◆ REQUIREMENT ◆
From the line that contains "Kinderzimmer-Tapete mit Flugzeug-Motiv" to the final line below, both included, print each line exactly and skip the pictures.

◆ DATA EXTRACT ◆
--
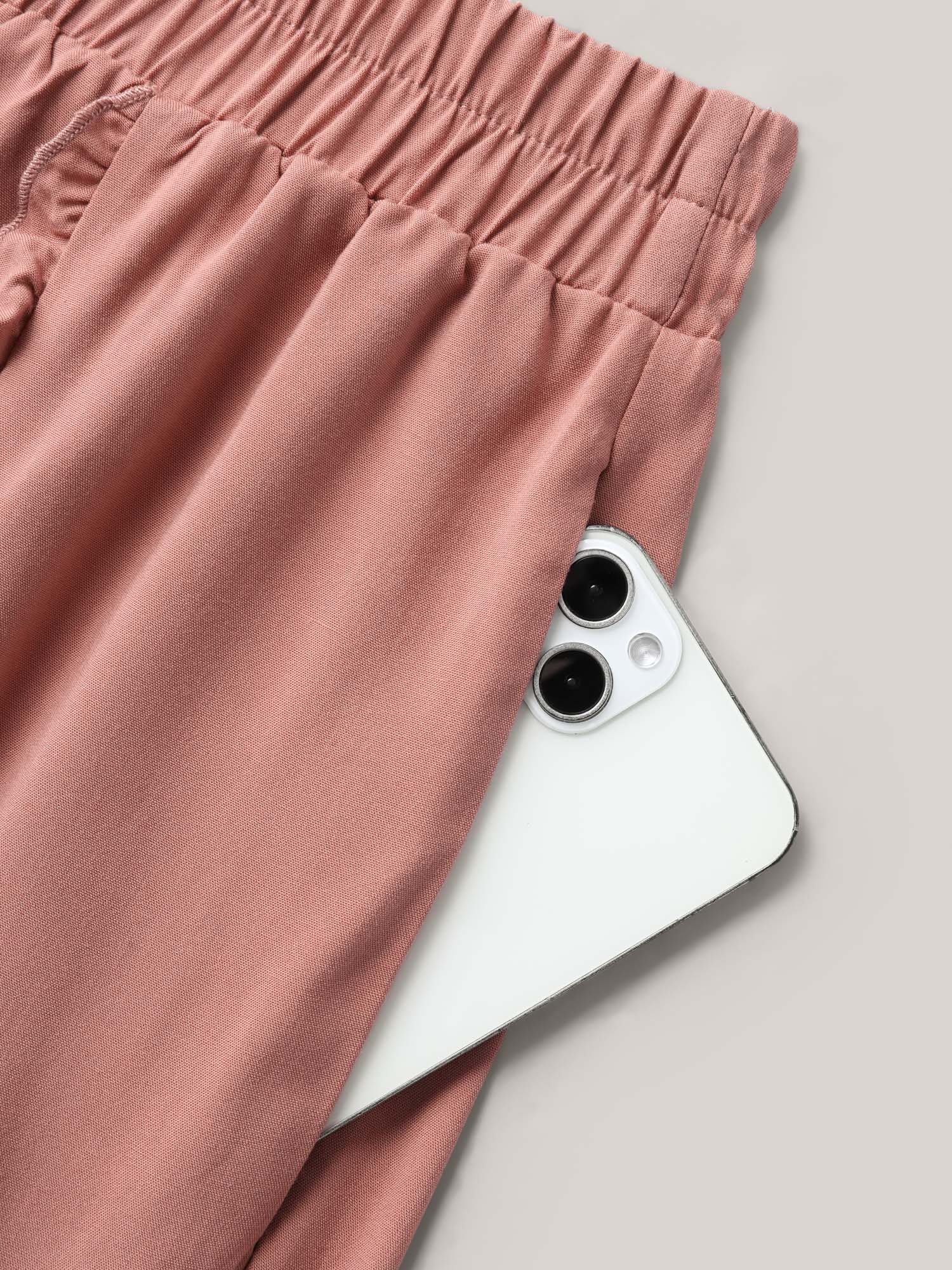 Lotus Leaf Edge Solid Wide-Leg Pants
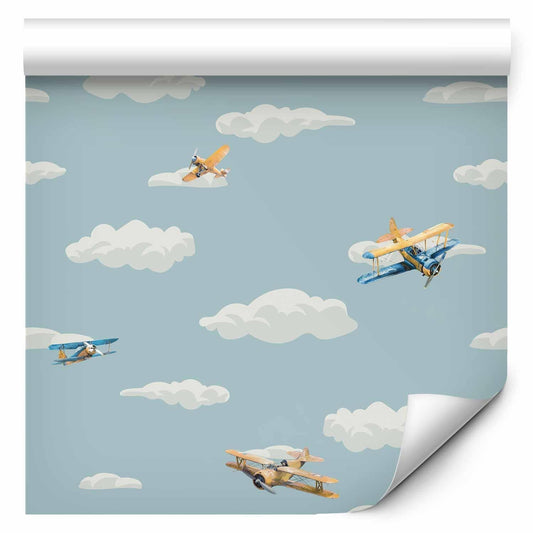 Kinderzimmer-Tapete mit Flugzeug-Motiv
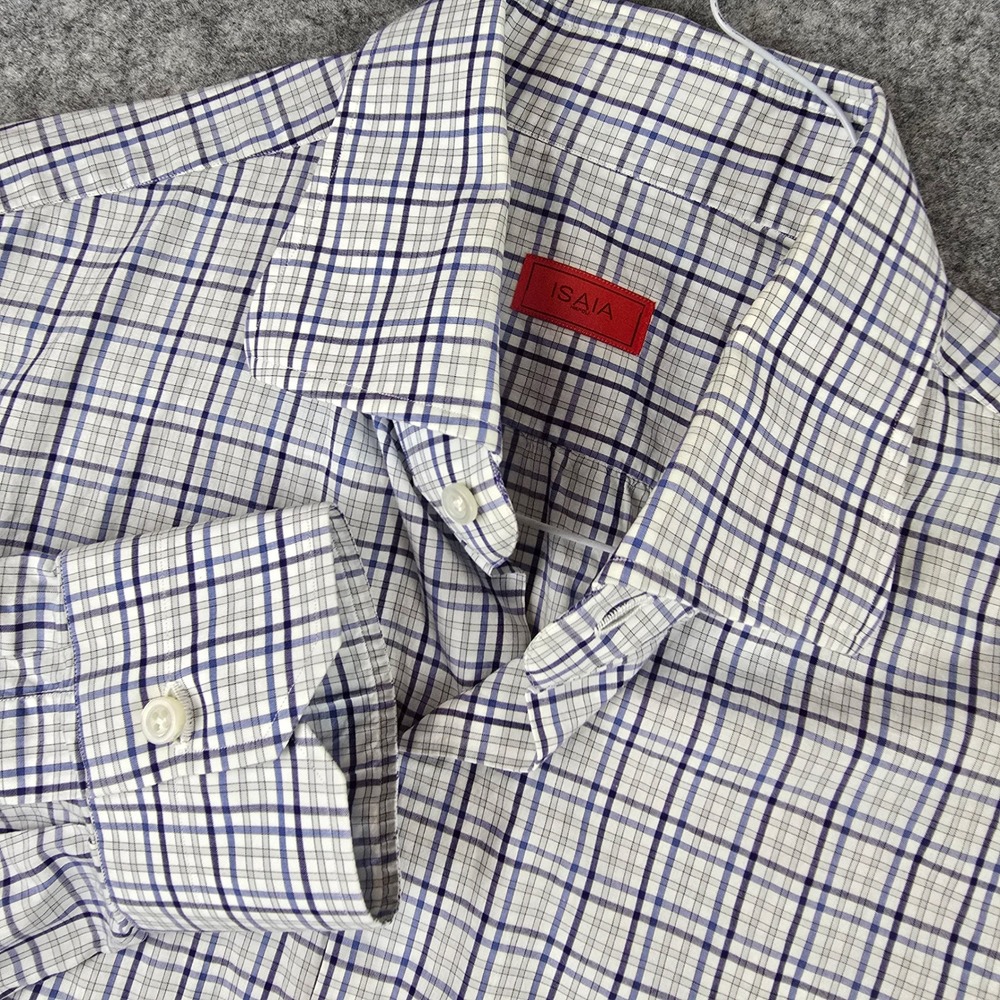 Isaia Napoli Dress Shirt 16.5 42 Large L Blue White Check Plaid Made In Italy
--
◆ ANSWER BOX ◆
 Kinderzimmer-Tapete mit Flugzeug-Motiv
 Isaia Napoli Dress Shirt 16.5 42 Large L Blue White Check Plaid Made In Italy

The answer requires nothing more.